Crawled caption data:
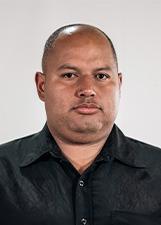 Foto de Alex Antonio Farias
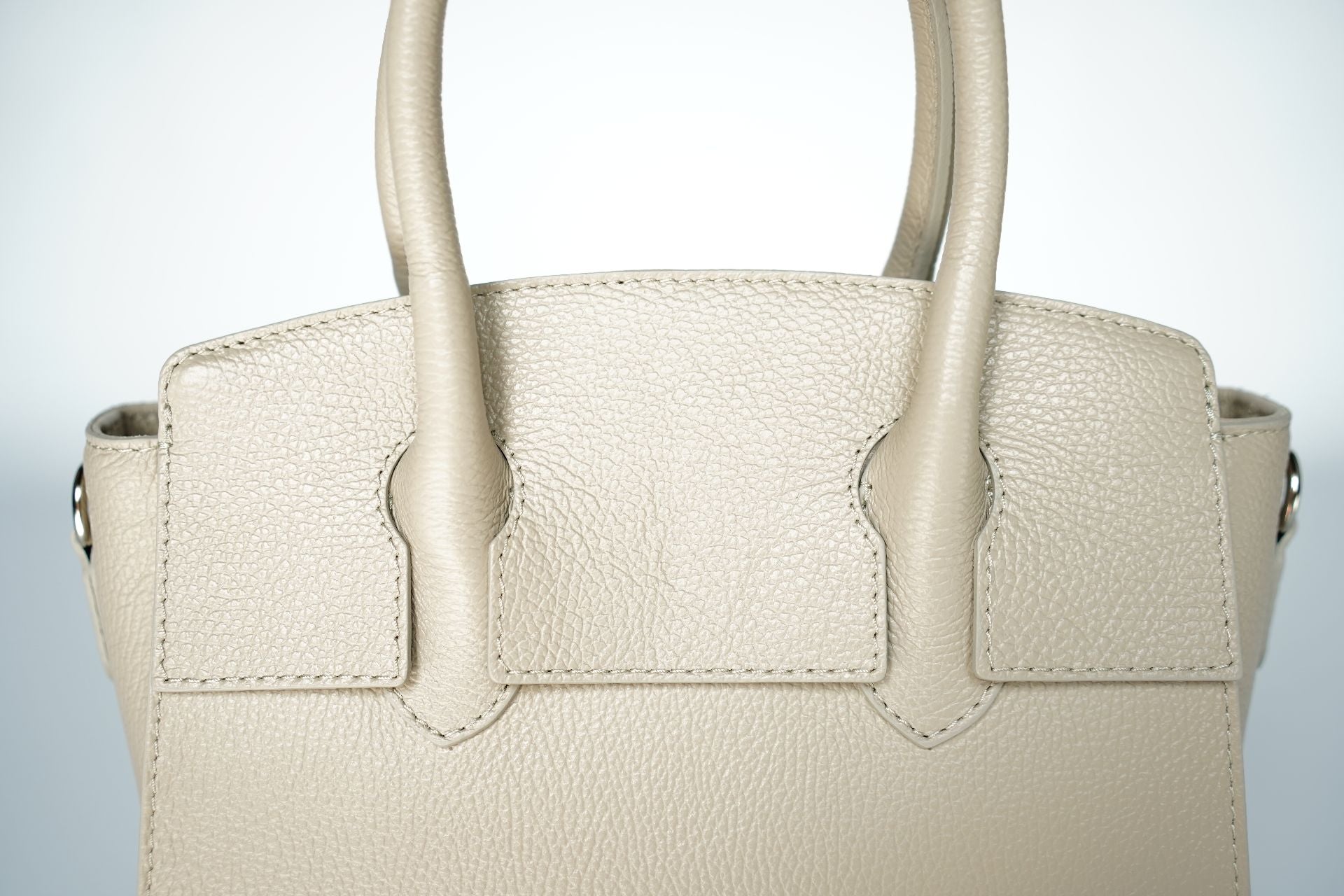 Сумка крос-боді Lika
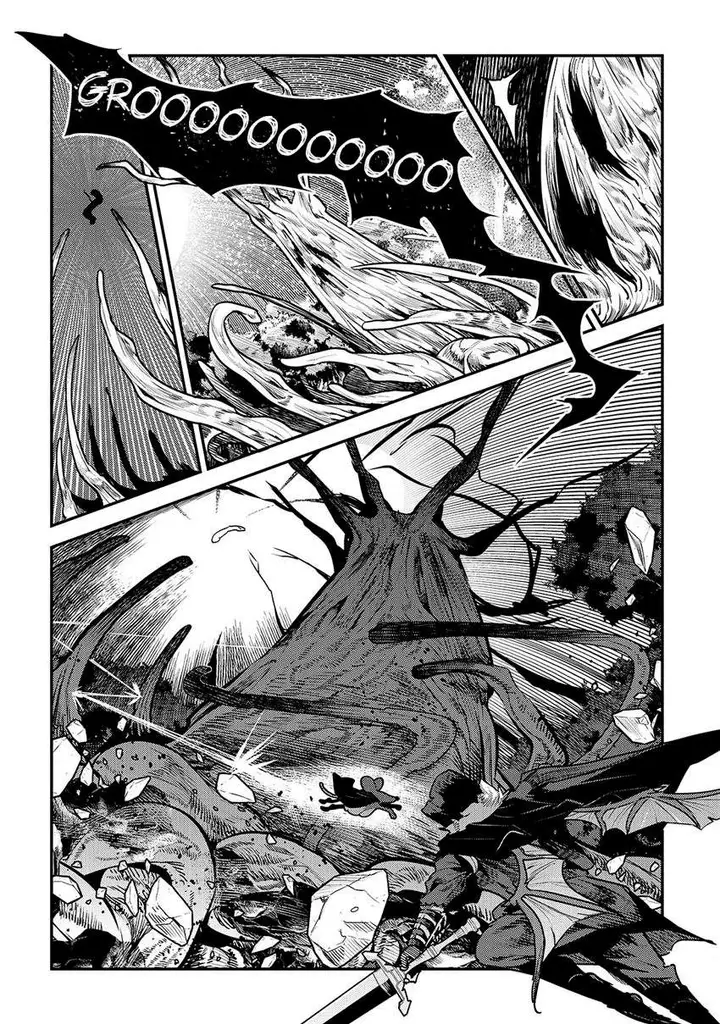 image-komik-nozomanu-fushi-no-boukensha-chapter-36-8/21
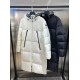 MONCLER TEMPLON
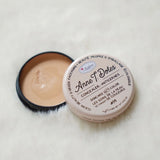 The balm Anne T dotes concealer 遮瑕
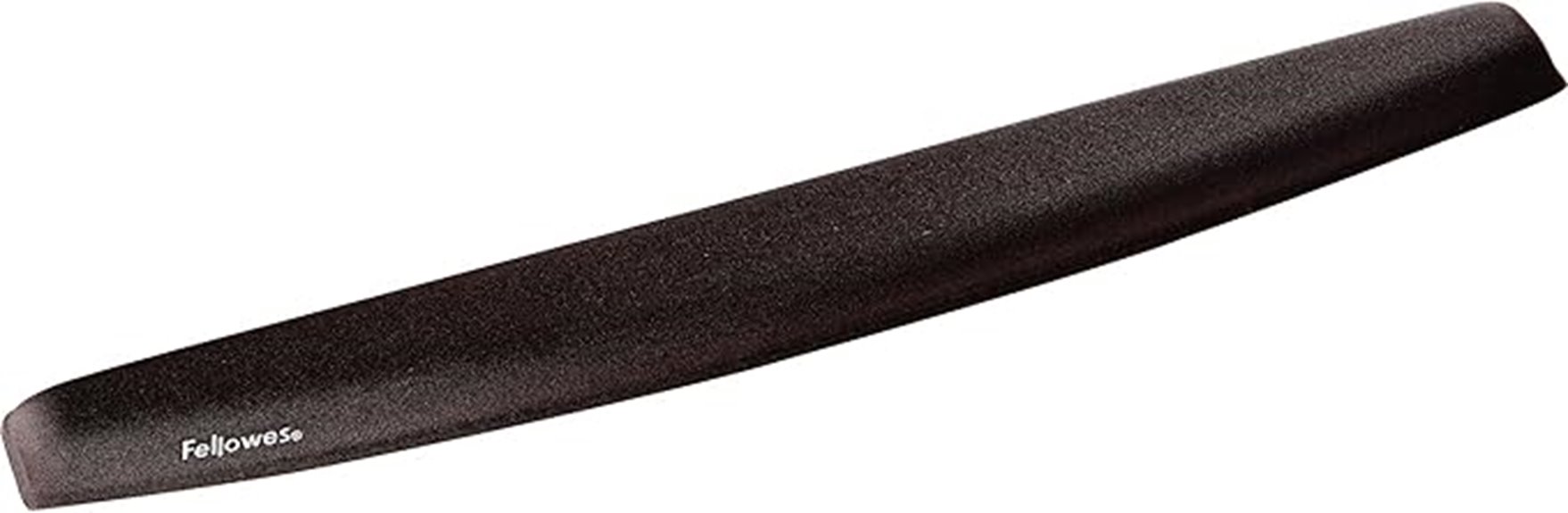 fellowes memory foam wrist rest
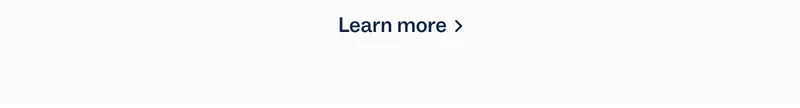 Learn more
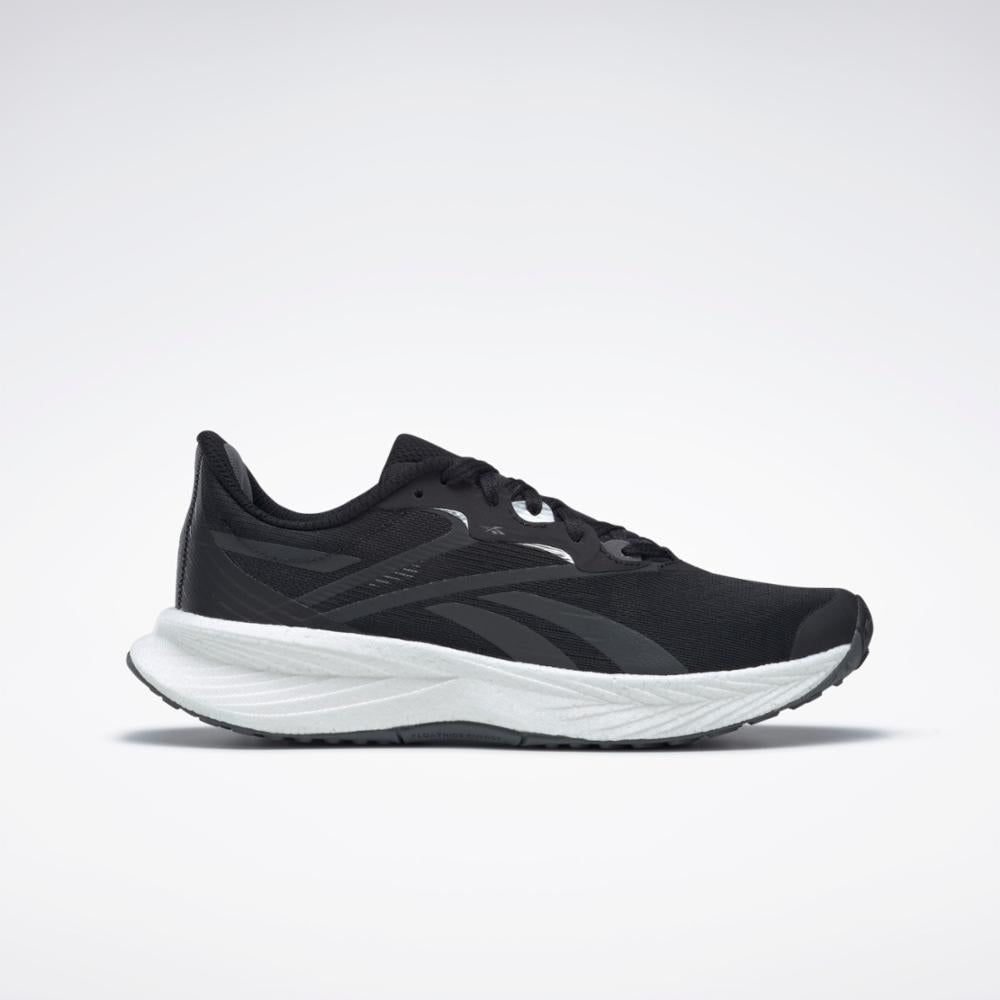 Reebok Footwear Women 100025278 CORE BLK/PURE GRY 8/FTWR WHT sold by Rockport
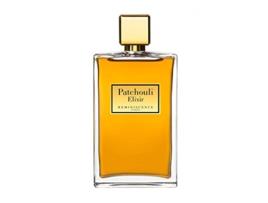 Perfume REMINISCENCE Patchouli Elixir Eau de Parfum (100 ml)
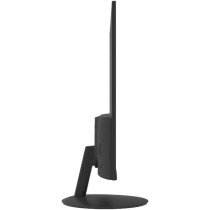 Dahua 22-Inch VA Full HD 1080p 100Hz Borderless Monitor With HDMI, VGA, LM22-A200Y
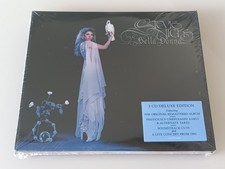 Bella Donna (Delxue Edition)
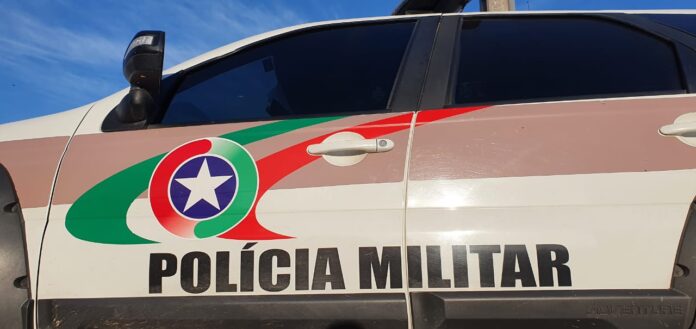 91c3cec2-4299-422f-928c-07df8a741158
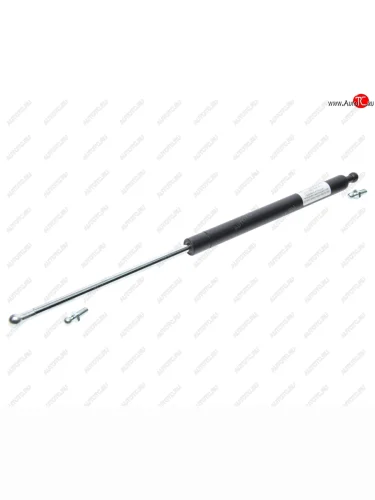 Амортизатор ГАЗон Next капота (пружина газовая) СААЗ СААЗ 17.8231010(c41r11.8407010)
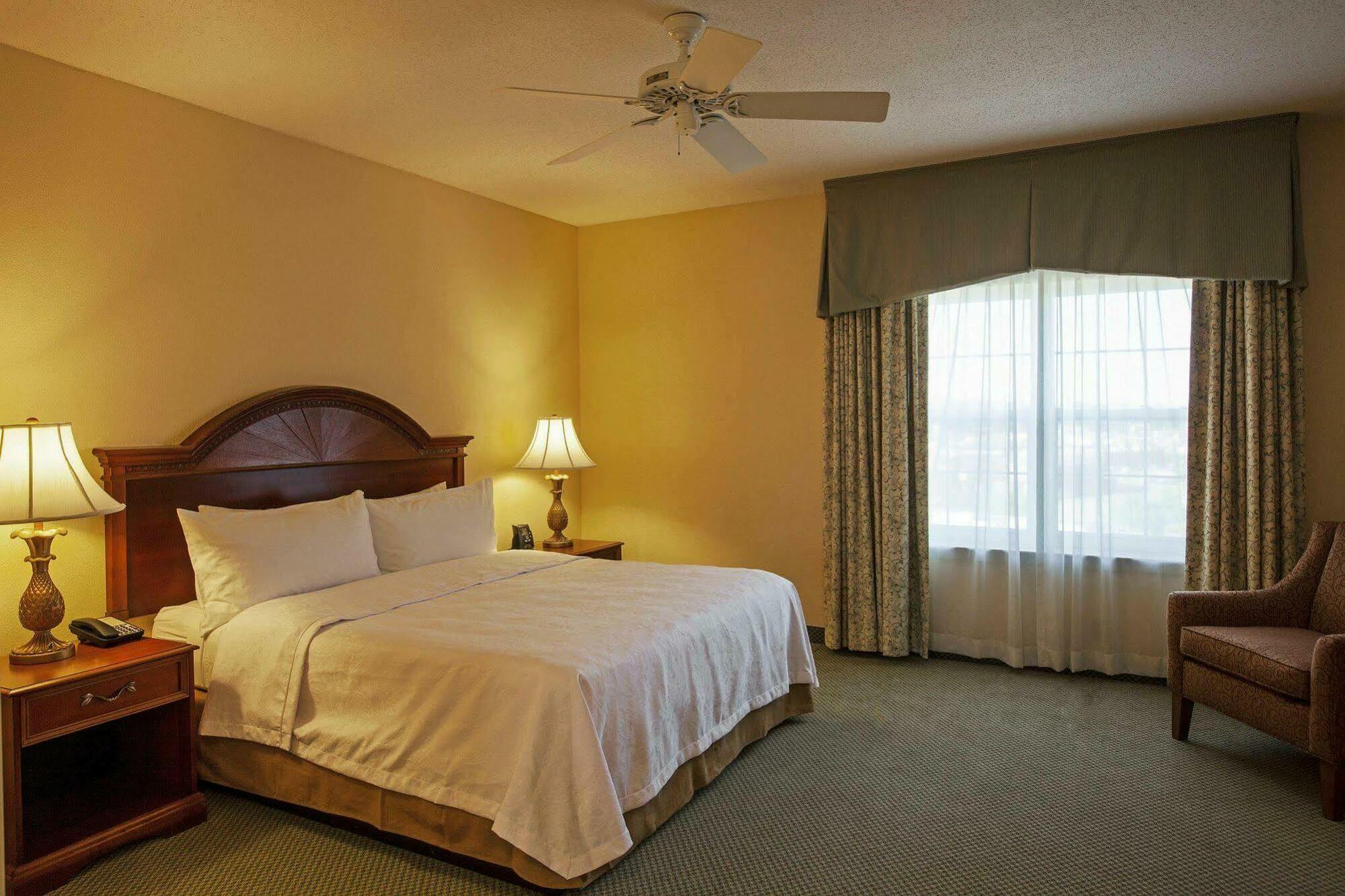 Homewood Suites By Hilton Philadelphia-Valley Forge Audubon Kültér fotó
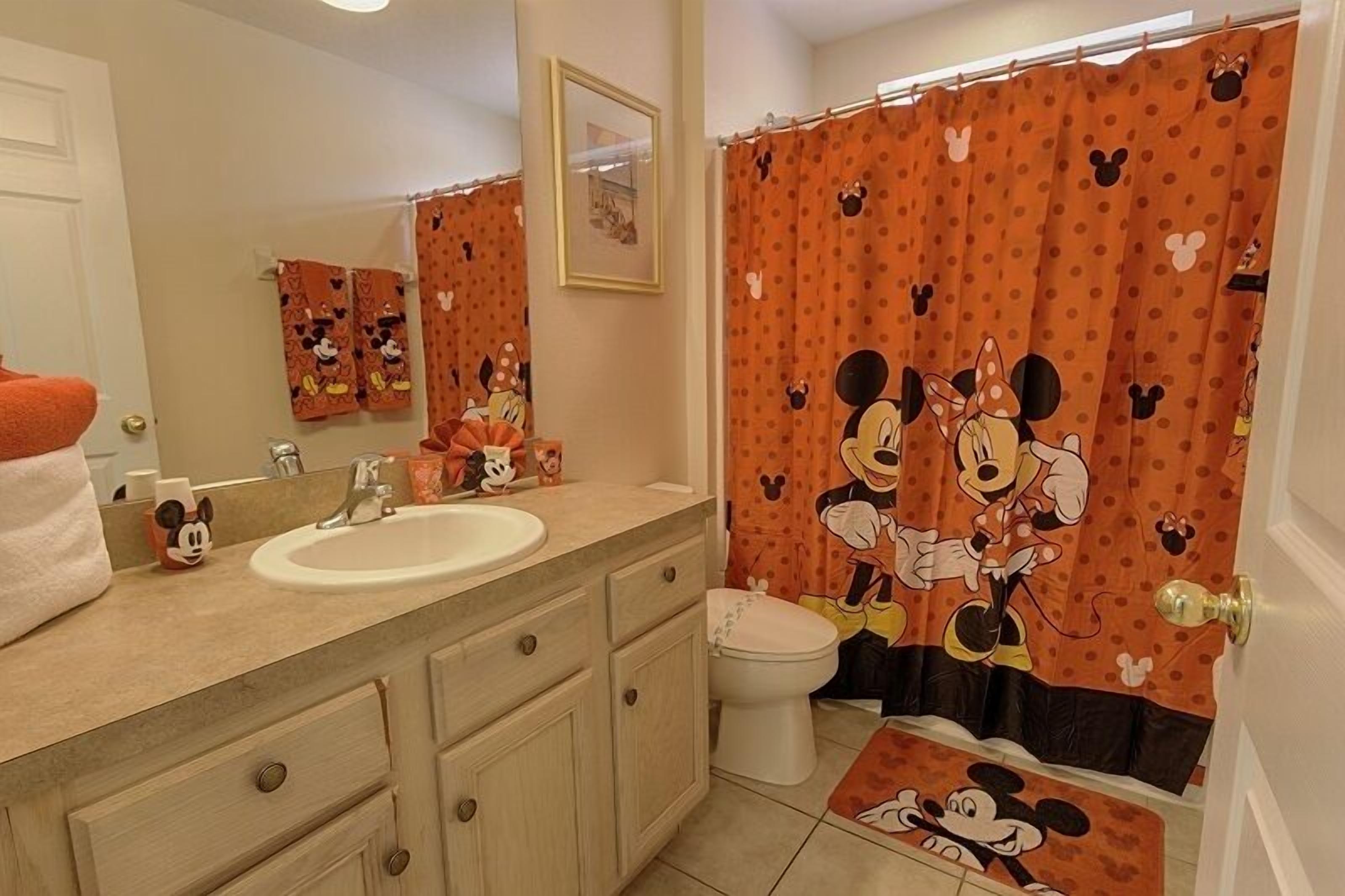 Emerald Island Resort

Problem description: The expected output is each record, copied exactly, and nothing in place of the pictures.

Response to this exercise:
 Foto de Alex Antonio Farias
 Сумка крос-боді Lika
 image-komik-nozomanu-fushi-no-boukensha-chapter-36-8/21
 MONCLER TEMPLON
 The balm Anne T dotes concealer 遮瑕
 fellowes memory foam wrist rest
 Learn more
 Reebok Footwear Women 100025278 CORE BLK/PURE GRY 8/FTWR WHT sold by Rockport
 Perfume REMINISCENCE Patchouli Elixir Eau de Parfum (100 ml)
 Dahua 22-Inch VA Full HD 1080p 100Hz Borderless Monitor With HDMI, VGA, LM22-A200Y
 Bella Donna (Delxue Edition)
 91c3cec2-4299-422f-928c-07df8a741158
 Амортизатор ГАЗон Next капота (пружина газовая) СААЗ СААЗ 17.8231010(c41r11.8407010)
 Homewood Suites By Hilton Philadelphia-Valley Forge Audubon Kültér fotó
 Emerald Island Resort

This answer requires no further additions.